かぞくとわたし 第八話「眠る場所」
以前は眠る場所には特にこだわりがなかったというサカイエヒタさん。押入れでも会社でも眠ることができるのが特技だったそうですが、今では眠る場所にすごくこだわっているそう。今回もほっこりするお話です。
今でこそ、あたたかいベッドですやすやとかわいい寝顔で眠る僕ではあるが、独身時代はずっと押入れの中で寝ていた。
飲み会で「ドラちゃんみたいでかわいい~」なんて言ってくる女の子をお持ち帰りしたところで、彼女たちは僕と喜んで押入れに入ってくれるはずもなく、「え、まじじゃん」と冷めた顔で僕と寝床を蔑んだ。約束と違う。

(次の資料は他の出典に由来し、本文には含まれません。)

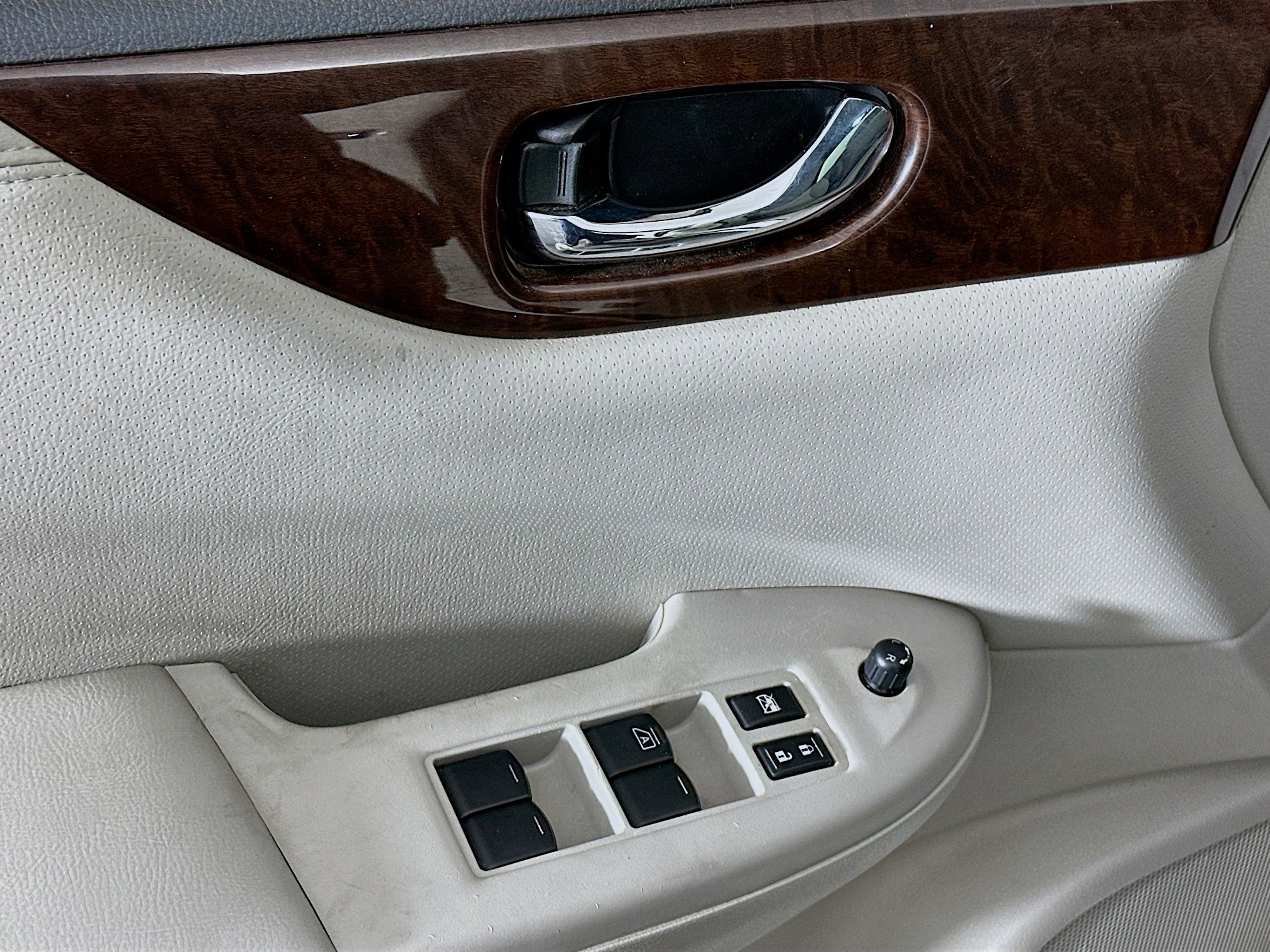 Used 2012 Nissan Quest S image 15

当時住んでいた部屋はとても狭かったため、寝床となるスペースが無かったのだ。しかもハリネズミを飼っていたので、ハリネズミのケージが部屋の中を占領し、ただでさえ狭い僕の部屋はより狭小になっていた。仕方なく押入れのふすまを外して壁にかけ、僕は押入れの中で寝る生活をしていたのだ。
昔から、寝る場所についてはどこでも良いタイプだった。明るい場所でもうるさい場所でも問題ない。硬い床でも大丈夫。徹夜の多いブラック企業に勤めていた時は、3つの椅子を使って眠る同僚を「軟弱だ」と鼻で笑い、僕は2つの椅子で寝てみせた。家出を繰り返してきた10代の頃は、渋谷の植え込みで寝るのも多かった。身体ひとつぶんのスペースと段ボールさえあれば、どこでだって寝られる。それはなんの取り柄も無かった僕にとっては、唯一誇れる特技であった。
しかしどうだろう。30代も半ばとなると、寝心地というものに身体がこだわりを見せる。枕の高さやマットレスの硬さにまで文句を言いだす。地方取材の際によくビジネスホテルを利用するのだが、マットレスの硬さが自分の好みと合わないだけで不機嫌になる自分がいる。ずいぶんとわがままになったものだと思う。
IKEAで買った大量の安いクッションを自分の寝床に重ね、毎晩心地の良いポイントを探す。埋もれるくらいがちょうどよく、さらに首にはデブ猫が乗っかってくるため、僕は口元だけを空気穴として確保し、クッションと猫に沈んで眠る。場合によっては寝起きの悪い赤ん坊が胸の上に乗るので、もはや僕自身がマットレスのようでもある。寝ながらYouTubeが見られるようにと、iPhoneをハンズフリーで固定できるアクセサリまで購入した。こうなると、人間終わりである。
ベッドを買うつもりもないのに、家具屋さんに置いてあるベッドに寝転がる。
「お、良いマットレスだよこれ。ちょうどいい」
僕の感想に大して興味もなさそうな奥さんが、寝転がる僕を置いて先へ行く。
ああ、このまま閉店まで、マットレスに沈んでいたい。